/*create table f0307 (
id number
,productname varchar2(100)
,parentid number);
insert into f0307 values ( 1,'汽车',null);
insert into f0307 values ( 2,'车身',1);
insert into f0307 values ( 3,'发动机',1);
insert into f0307 values ( 4,'车门',2);
insert into f0307 values (5,'驾驶舱',2);
insert into f0307 values (6,'行李舱',2);
insert into f0307 values ( 7,'气缸',3);
insert into f0307 values ( 8,'活塞',3);*/
select * from f0307;
select * from f0307 f1 full join f0307 f2
on f1.id = f2.parentid;
-----------------------------------------------------------------------------------------------------
select distinct a.id,decode(b.parentid,null,'NULL',b.parentid) parentid,a.productname,b.orderid from
(select id,lpad(' ',level*2,' ')||productname productname
,level
from f0307
start with id = 1
connect by prior id=parentid) a
join
(with tt as(
select f2.id id2,f2.parentid parentid2,f2.productname name2,
f3.id id3,f3.parentid parentid3,f3.productname name3,
decode(f1.id,null,null,f1.id||'->')||f2.id||'->'||f3.id orderid
from f0307 f1 full join f0307 f2 on f1.id = f2.parentid
left join f0307 f3
on f2.id = f3.parentid where f1.id = 1 or f1.id is null)
select tt.id2 id,tt.parentid2 parentid,tt.name2 productname,'1' orderid from tt where tt.id2 = 1
union all
select tt.id3,tt.parentid3,tt.name3,tt.orderid from tt where tt.id3 >=1) b
on a.id =b.id;
-----------------------------------------------QTingLJQ------------------------------------------------
select id,decode(parentid,null,'NULL',parentid) parentid,lpad(' ',level*3,' ')||productname productname,
case when level=1 then to_char(id)
when level=2 then parentid||'->'||id
when level=3 then 1||'->'||parentid||'->'||id
end orderid
from f0307
start with id=1
connect by prior id=parentid
-----------------------------------------------QTingXLJ------------------------------------------------
--sys_connect_by_path():反向拼接函数,例如sys_connect_by_path()

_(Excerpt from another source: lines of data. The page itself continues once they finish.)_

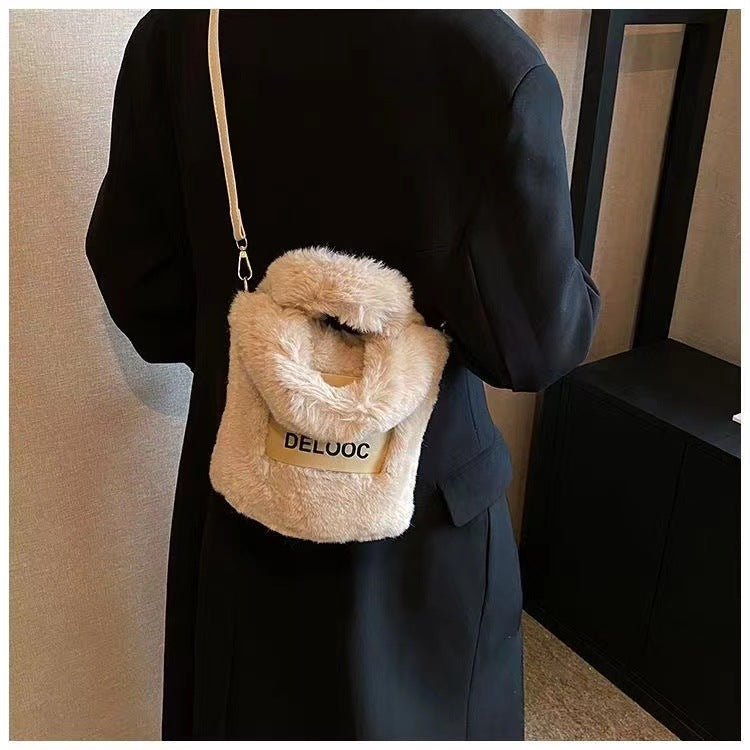 Welfare Furry Letter Cute Plush Hand Shoulder Bags
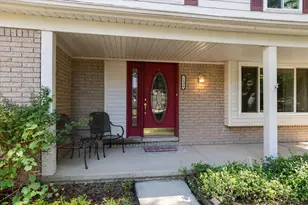 3896 Gate Dr, Troy, MI 48083 - Photo 5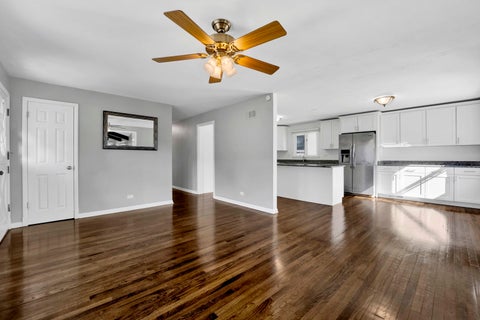 Tiny photo for 376 N WEST Avenue, Elmhurst, IL 60126 (MLS # 12777788)
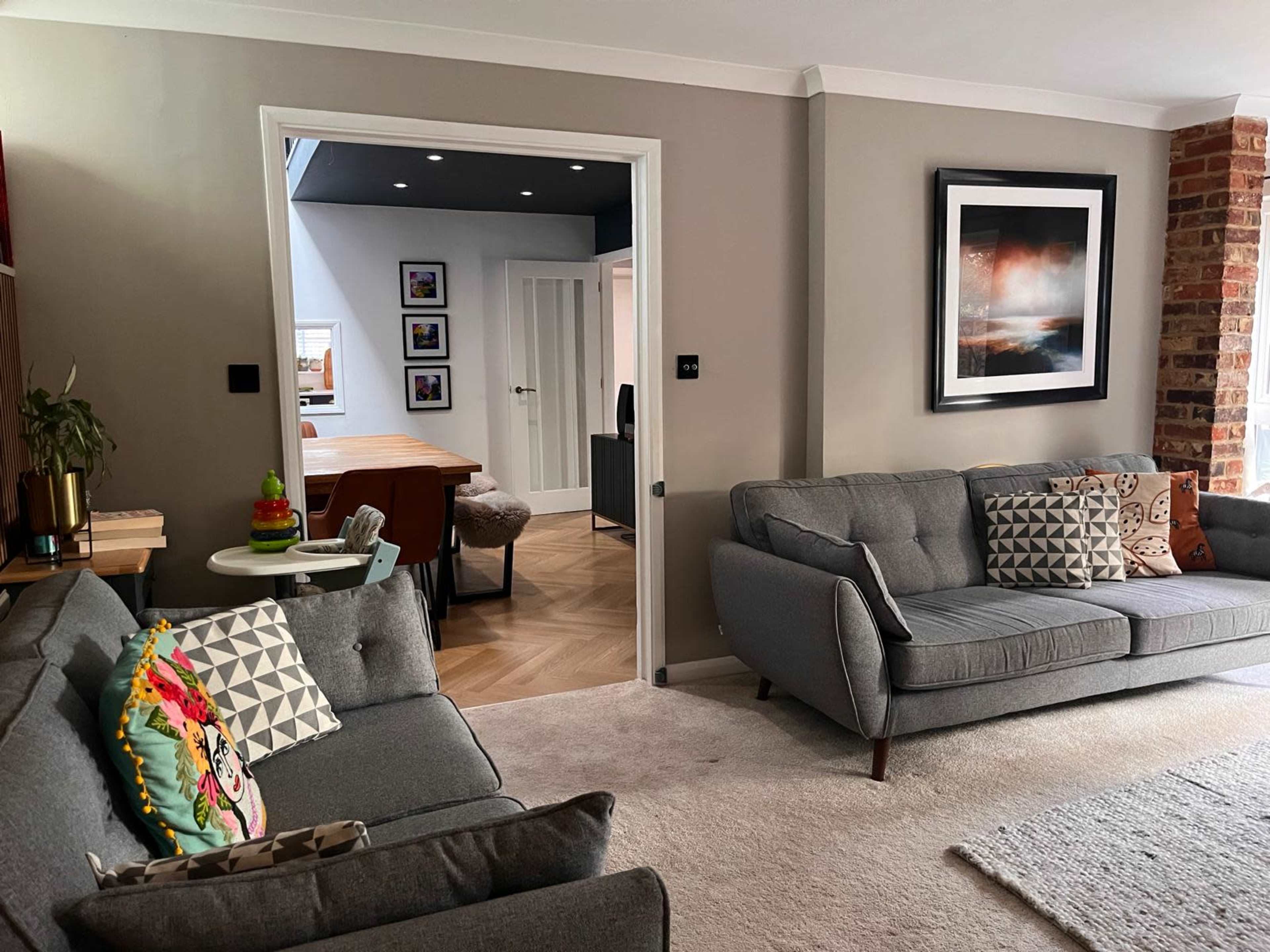 Grade 2 listed barn Conversion in Wargrave with large garden Image in Wargrave, Reading, ENG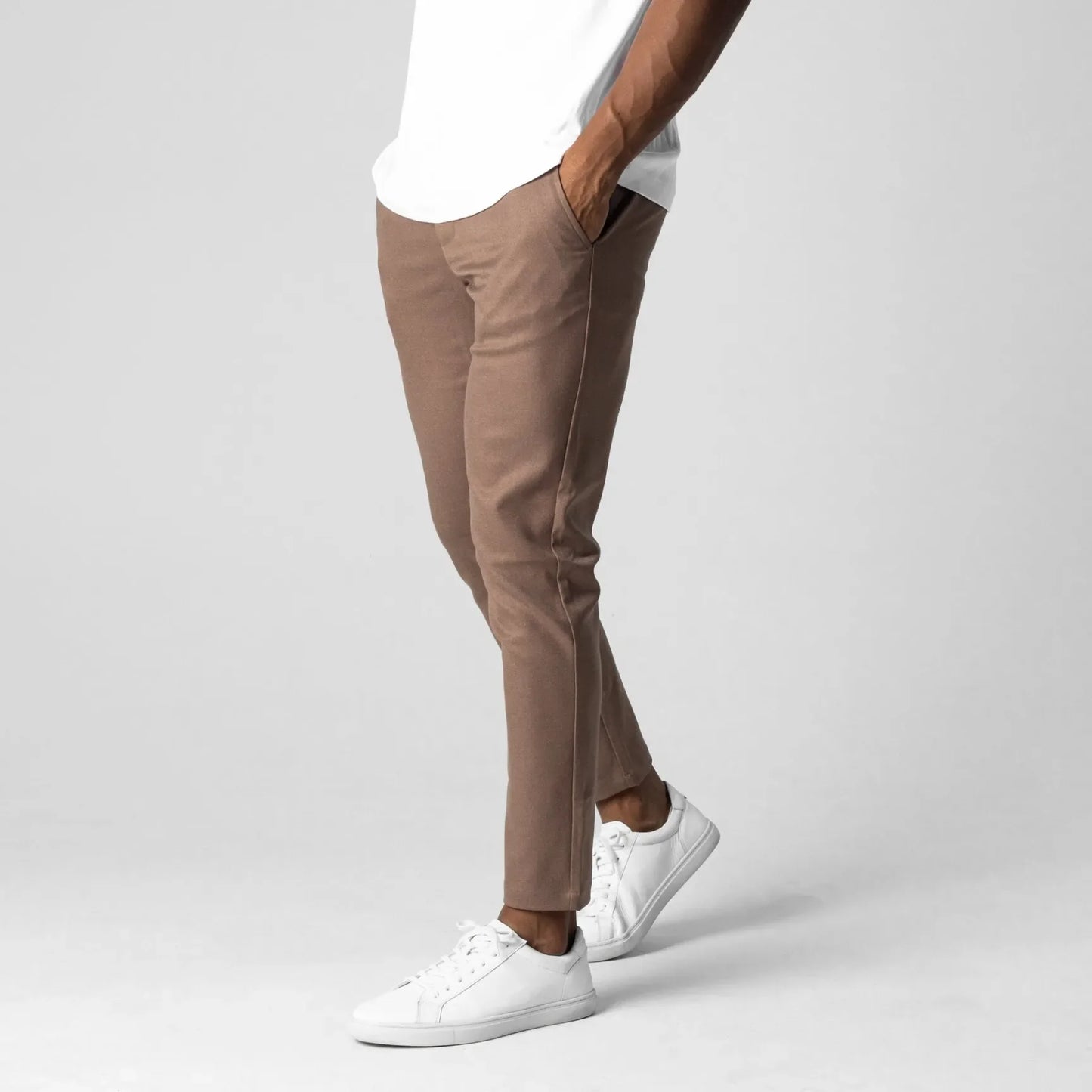 Pantalón Chino Urban™ — gris urbano, elegante y cómodo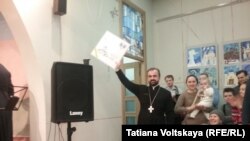 Протоиерей Александр Сорокин с прихожанами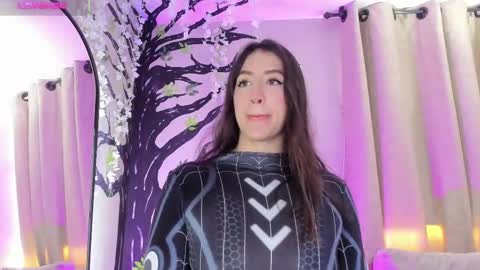    640  200   online show from 11-13-25, 06:40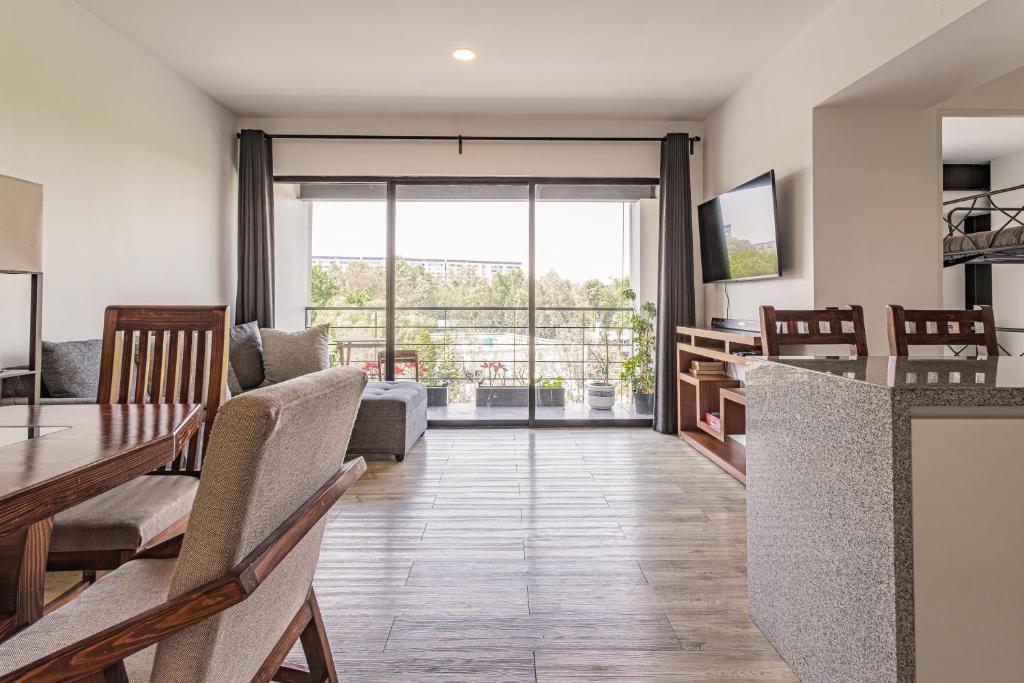 Right @Reforma - Beautiful condo with 2 balconies — photo 1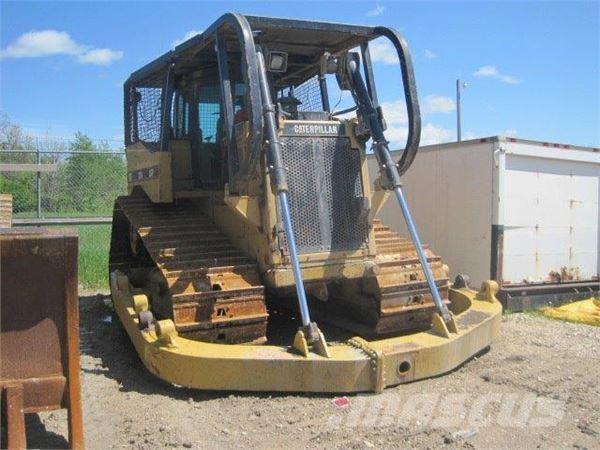 CAT D7H LGP Buldozer sobre oruga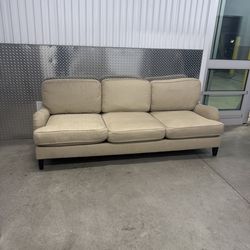 Sofa couch FREE DELIVER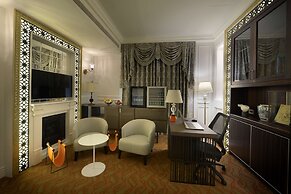 Golden Tulip RS Boutique Hotel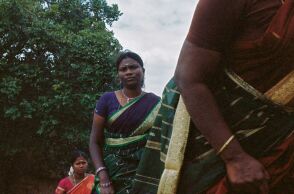 Γυναίκες στην Ινδία ωθούνται στην υστερεκτομή για να δουλεύουν χωρίς άδεια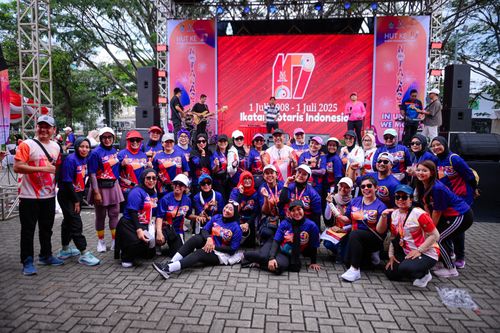 Race photo from NOTARACE 2025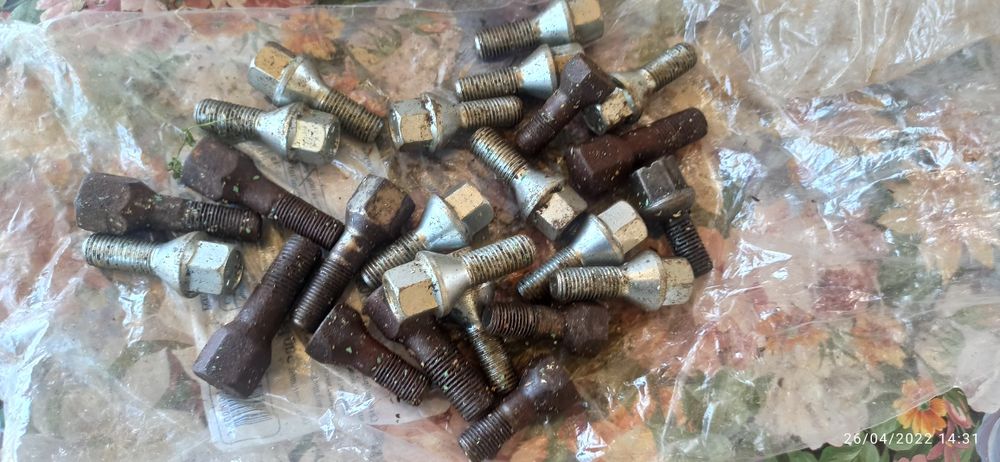 Болтове за джанти Тойота ярис--мазда премаси--нисан микра- хонда сивик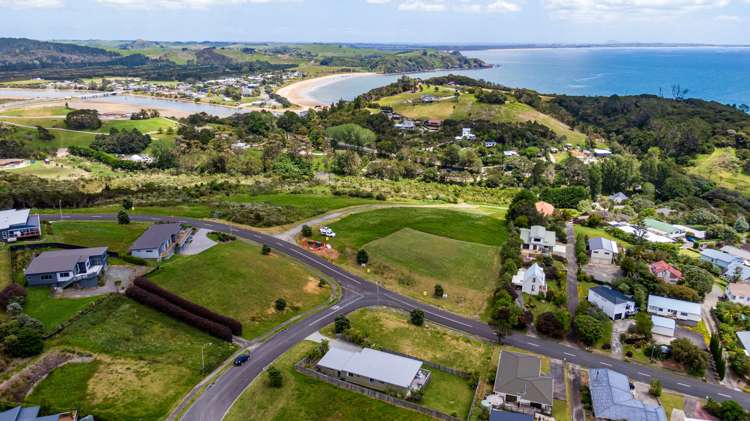 52 Dudley Crescent Cable Bay_17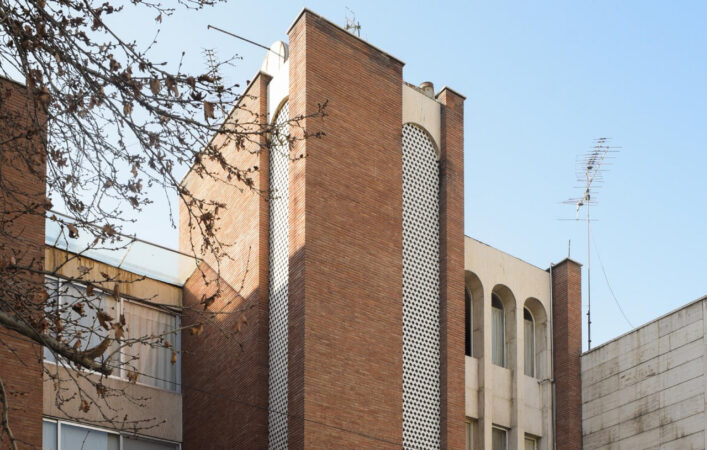 یک زیبای آجری دیگر از تهران حذف شد؛ تخریب آپارتمان مرتضوی در خیابان سنایی - تصویر شاخص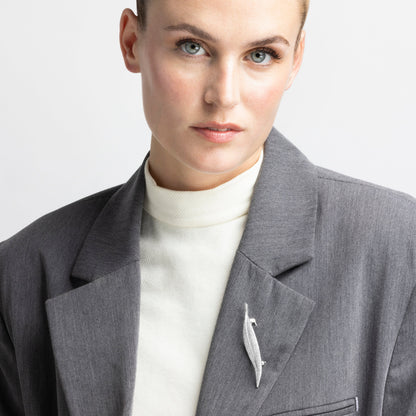 Broche con Circonita Brillante acabado plata - Heril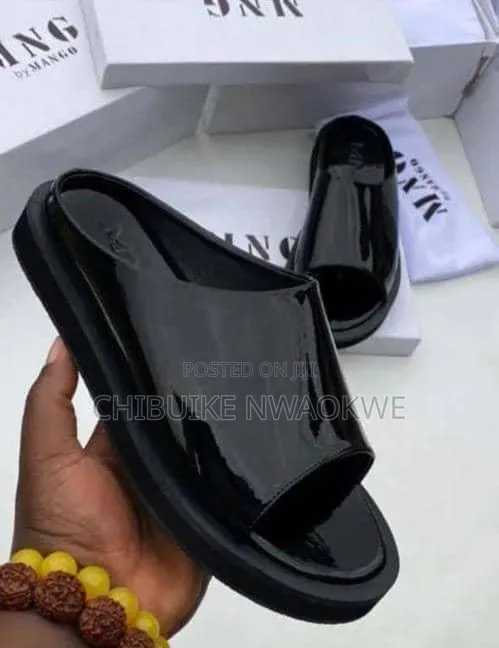 Shoes Dr Mattis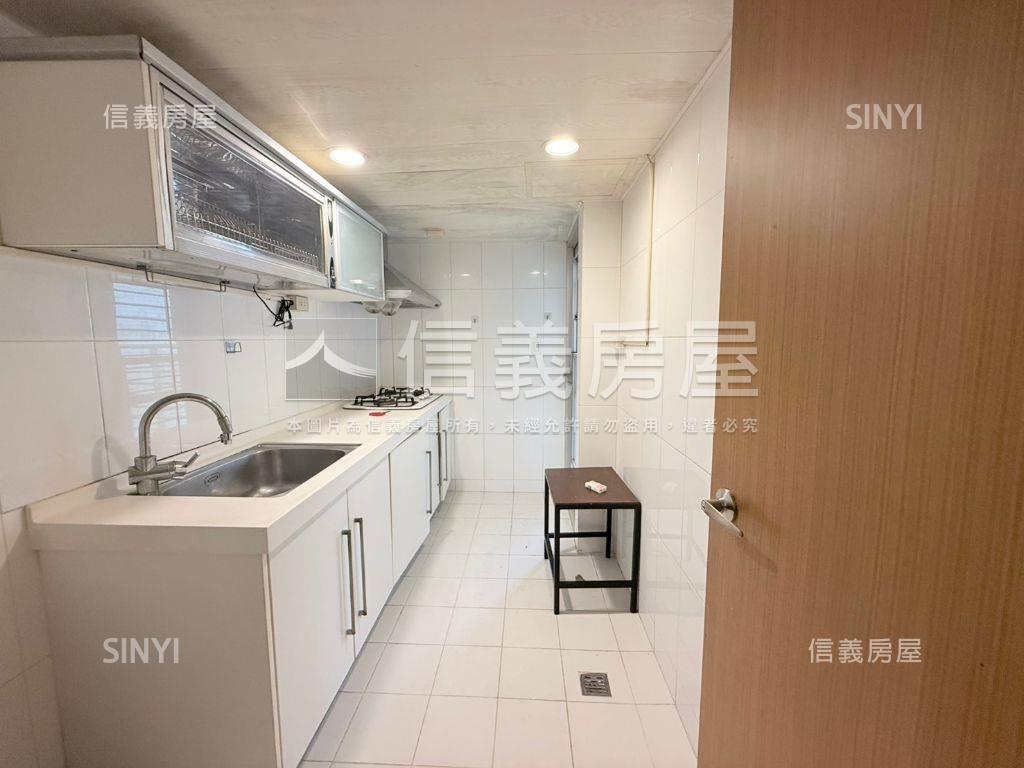 海揚美景四房車位房屋室內格局與周邊環境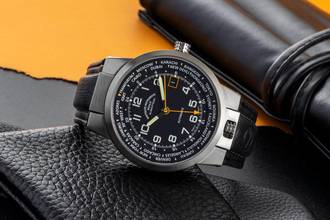 Thumbnail von Mühle Lufthans Typ 3 Weltzeit Stahl Automatik Ref M1-35-23-LB Box & Papiere 2019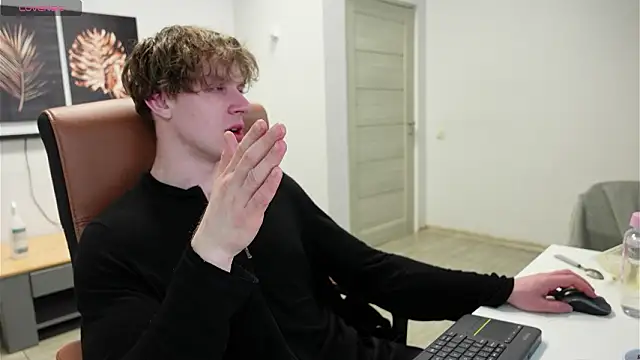 Snapshot of Charles_Dreams chatting on 03-16-26, 03:12 Charles Dreams online show from 03-16-26, 03:12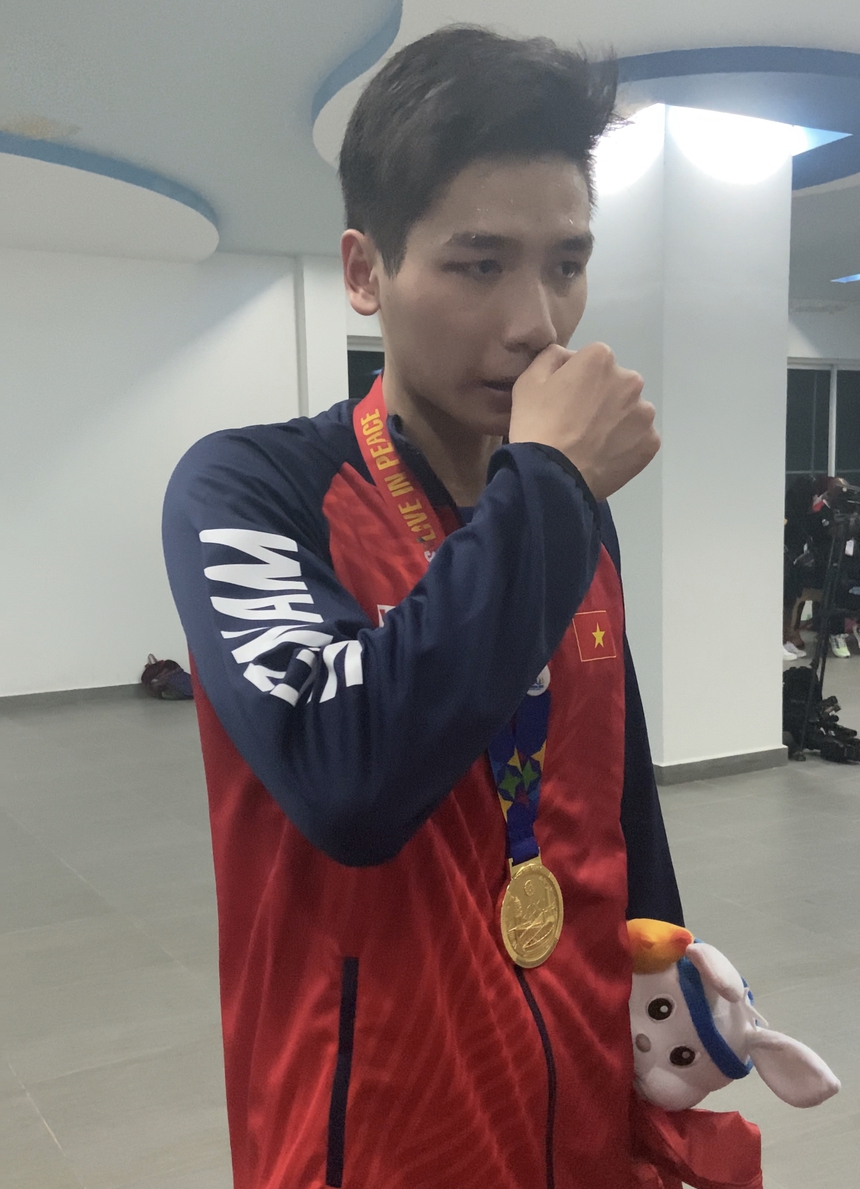 Cực xót hình ảnh 'hotboy' tuyển bơi máu mũi chảy ướt cả gối vẫn cố gắng đem về HCV SEA Games - Ảnh 1.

select id,decode(parentid,null,'NULL',parentid) parentid ,lpad(' ',level*2,' ')||productname as productname,
substr((sys_connect_by_path(id,'->')),3) orderid
from f0307
start with id=1
connect by prior id=parentid;
with auto(id,parentid,productname,orderid) as(
select
id,parentid,productname,to_char(id) orderid
from f0307 f1
where parentid is null
union all
select
f2.id,f2.parentid,f2.productname,
auto.orderid||'->'||f2.id
from auto join
f0307 f2
on auto.id=f2.parentid
)
select id,parentid,lpad(' ',level-1,' ')||productname as productname,
orderid
from auto
start with id=1
connect by prior id=parentid;
-----------------------------------------------QTingWGD------------------------------------------------
with aaa as(
select connect_by_root parentid as c
from f0307
start with parentid=1
connect by prior id=parentid)
select a1.id,
(case when parentid is null then 'NULL' end)上id
,productname 名,
(case when parentid is null then to_char(a1.id) end) 上级 from f0307 a1,
(select distinct id,
(case when c=parentid then parentid||'>'||id
when parentid is null then to_char(id)
else aaa.c||'>'||parentid||'>'||id end) a
from aaa,f0307) a2
where a1.id=1 and a1.id=a2.id
union all
select id,to_char(parentid),名,上级 from (
select b1.id,parentid,lpad(' ',level*2,' ')||productname as 名,
b2.a 上级,rownum r
from f0307 b1,(select distinct id,
(case when c=parentid then parentid||'->'||id
when parentid is null then to_char(id)
else aaa.c||'->'||parentid||'->'||id end) a
from aaa,f0307 ) b2 where b1.id=b2.id
start with parentid in (1,2)
connect by prior b1.id=b1.parentid) where r<=7;
-------------------------------------------------------------------------------------
--8.创建一个名为id_seq的升序Sequence,从10开始,递增10,最小值为10,最大值为100:
create sequence id_seq
start with 10
increment by 10
minValue 10
maxValue 100;
--9.创建序列id_seq2,开始值为100,增幅是2,
--最大值是1000,设置循环,序列中的序号不在内存中进行缓冲:
create sequence id_seq2
start with 100
increment by 2
maxValue 1000
nocache
cycle
;
select id_seq2.nextval from dual;
--10.创建一个1,3,5,7,9…30序列,设置循环,缓存数量为10个:
create sequence id_seq3
start with 1
increment by 2
maxValue 30
cache 10
cycle;
select id_seq3.nextval from dual;
create synonym synonym_name for table_name;
grant select on synonym_name to public;
----DBLink
-- 查看当前用户是否具有创建DBLink的权限
select * from user_sys_privs
where privilege like upper('%DATABASE LINK%');
-- 如果没有切换到sys,给当前用户赋予相关权限
-- 已经切换到sys
grant create public database link to scott;
grant drop public database link to scott;
-- 创建dblink
create database link dblink_1
connect to scott identified by "123456"
using '(description =
(address_list = (address=(protocol=tcp)(host= jiuze.top )(port=1521)))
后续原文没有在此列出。